8.2 When to include them
Include common treatments when: - Environments are expected to be weakly correlated (e.g., very different climate zones, different growing seasons) - Direct cross-environment comparisons need to be reliable without assuming a specific genetic covariance structure - A stable reference set is needed for cross-trial benchmarking
Minimize the number of common treatments when: - All environments are similar and \(K\)-based connectivity is sufficient - Sparse capacity is already tight and common treatments would leave too few slots for the experimental lines
9. Seed-Aware Replication
9.1 The feasibility constraint
A design that requests replication without accounting for available seed cannot be deployed. The feasibility condition for assigning replication \(r_i\) to line \(i\) in environment \(e\) is:
\[s_i \geq r_i \times q_e + b\]
where: - \(s_i\) = seeds available for line \(i\) - \(r_i\) = desired replication level - \(q_e\) = seeds required per plot in environment \(e\) - \(b\) = optional safety buffer (e.g., for germination losses)
9.2 Replication roles
assign_replication_by_seed() evaluates this condition
for every line and assigns one of three roles:
-
"p_rep"— sufficient seed for \(r_i\) plots; assigneddesired_replicationsplots -
"unreplicated"— sufficient seed for one plot but not fordesired_replicationsplots (downgraded) -
"excluded"— insufficient seed even for one plot
Three design modes control how these roles are assigned:
| Mode | "augmented" |
"p_rep" |
"rcbd_type" |
|---|---|---|---|
| Target | 1 plot per line | \(r\) plots for a feasible subset | \(r\) plots for all lines |
| Downgrade | Excluded if seed < \(q_e\) | Non-candidates get 1 plot | Yes, if shortage_action = "downgrade"
|
| P-rep selection | — | By priority (seed, order, random) | — |
seed_df <- data.frame(
Treatment = x$treatments,
SeedAvailable = sample(20:120, length(x$treatments), replace = TRUE)
)
rep_plan <- assign_replication_by_seed(
treatments = x$treatments,
seed_available = seed_df,
seed_required_per_plot = 10,
replication_mode = "p_rep",
desired_replications = 2,
priority = "seed_available",
max_prep = 20,
minimum_seed_buffer = 5,
shortage_action = "downgrade",
seed = 123
)
length(rep_plan$p_rep_treatments) # replicated at 2 reps
length(rep_plan$unreplicated_treatments) # assigned 1 plot (downgraded)

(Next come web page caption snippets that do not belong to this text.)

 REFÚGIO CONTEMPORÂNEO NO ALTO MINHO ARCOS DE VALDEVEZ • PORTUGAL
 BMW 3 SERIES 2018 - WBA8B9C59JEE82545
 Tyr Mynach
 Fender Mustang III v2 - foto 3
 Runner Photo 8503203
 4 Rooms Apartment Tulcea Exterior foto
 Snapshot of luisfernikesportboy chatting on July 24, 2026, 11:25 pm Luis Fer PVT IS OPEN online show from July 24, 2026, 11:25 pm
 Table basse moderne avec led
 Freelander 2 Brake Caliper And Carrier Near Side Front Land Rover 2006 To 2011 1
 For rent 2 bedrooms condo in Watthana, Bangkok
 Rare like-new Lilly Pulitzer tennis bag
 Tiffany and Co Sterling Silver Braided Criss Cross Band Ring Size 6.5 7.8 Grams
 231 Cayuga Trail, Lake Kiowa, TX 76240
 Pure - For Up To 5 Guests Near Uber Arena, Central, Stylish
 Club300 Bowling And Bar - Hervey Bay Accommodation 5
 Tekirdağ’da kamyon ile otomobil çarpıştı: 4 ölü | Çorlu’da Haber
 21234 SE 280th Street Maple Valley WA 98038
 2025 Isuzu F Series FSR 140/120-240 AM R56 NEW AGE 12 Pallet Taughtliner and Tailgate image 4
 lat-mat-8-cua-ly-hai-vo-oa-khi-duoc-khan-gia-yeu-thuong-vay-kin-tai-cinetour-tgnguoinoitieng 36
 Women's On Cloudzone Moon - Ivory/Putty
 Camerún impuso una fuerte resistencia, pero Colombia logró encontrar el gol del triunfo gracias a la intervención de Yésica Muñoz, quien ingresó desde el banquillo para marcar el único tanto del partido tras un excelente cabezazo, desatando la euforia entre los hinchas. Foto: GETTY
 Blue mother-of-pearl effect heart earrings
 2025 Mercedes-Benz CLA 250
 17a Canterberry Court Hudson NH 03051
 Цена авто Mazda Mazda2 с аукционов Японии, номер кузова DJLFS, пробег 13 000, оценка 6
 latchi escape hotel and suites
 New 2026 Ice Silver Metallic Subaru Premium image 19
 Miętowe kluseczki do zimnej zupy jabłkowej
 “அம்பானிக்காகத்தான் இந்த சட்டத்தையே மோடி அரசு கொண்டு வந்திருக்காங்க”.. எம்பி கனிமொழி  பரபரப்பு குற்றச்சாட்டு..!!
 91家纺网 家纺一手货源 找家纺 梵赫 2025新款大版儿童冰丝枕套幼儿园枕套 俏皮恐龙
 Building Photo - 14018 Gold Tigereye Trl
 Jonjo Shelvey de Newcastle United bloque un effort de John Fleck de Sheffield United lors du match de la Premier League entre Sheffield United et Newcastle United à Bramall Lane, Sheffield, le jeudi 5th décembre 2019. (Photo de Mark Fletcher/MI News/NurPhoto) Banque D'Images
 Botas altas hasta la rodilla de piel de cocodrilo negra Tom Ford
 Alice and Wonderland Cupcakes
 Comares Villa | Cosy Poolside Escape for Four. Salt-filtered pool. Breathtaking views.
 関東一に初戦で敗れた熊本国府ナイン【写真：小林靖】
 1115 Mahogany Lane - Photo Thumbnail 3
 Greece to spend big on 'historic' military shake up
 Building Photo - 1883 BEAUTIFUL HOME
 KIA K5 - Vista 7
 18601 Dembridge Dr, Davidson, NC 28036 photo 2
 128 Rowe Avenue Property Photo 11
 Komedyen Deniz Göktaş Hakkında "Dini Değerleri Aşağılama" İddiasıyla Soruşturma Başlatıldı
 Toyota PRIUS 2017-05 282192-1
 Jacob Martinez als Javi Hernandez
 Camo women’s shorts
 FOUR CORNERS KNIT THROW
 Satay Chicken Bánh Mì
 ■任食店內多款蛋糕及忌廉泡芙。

length(rep_plan$excluded_treatments) # insufficient seed
rep_plan$seed_summary # full per-line feasibility table10. Within-Environment Design Engines
10.1 met_prep_famoptg() — block-based repeated-check
designs
This engine constructs repeated-check block designs for environments where the primary local control mechanism is blocking (incomplete block designs). It supports three design classes:
Augmented repeated-check design
All non-check lines are unreplicated. Each block contains the same set of check treatments plus a unique subset of experimental lines. This design is appropriate for early screening stages when the number of candidates far exceeds available resources and seed is very limited. The checks allow estimation of block effects, which are subtracted to improve comparisons among the unreplicated lines.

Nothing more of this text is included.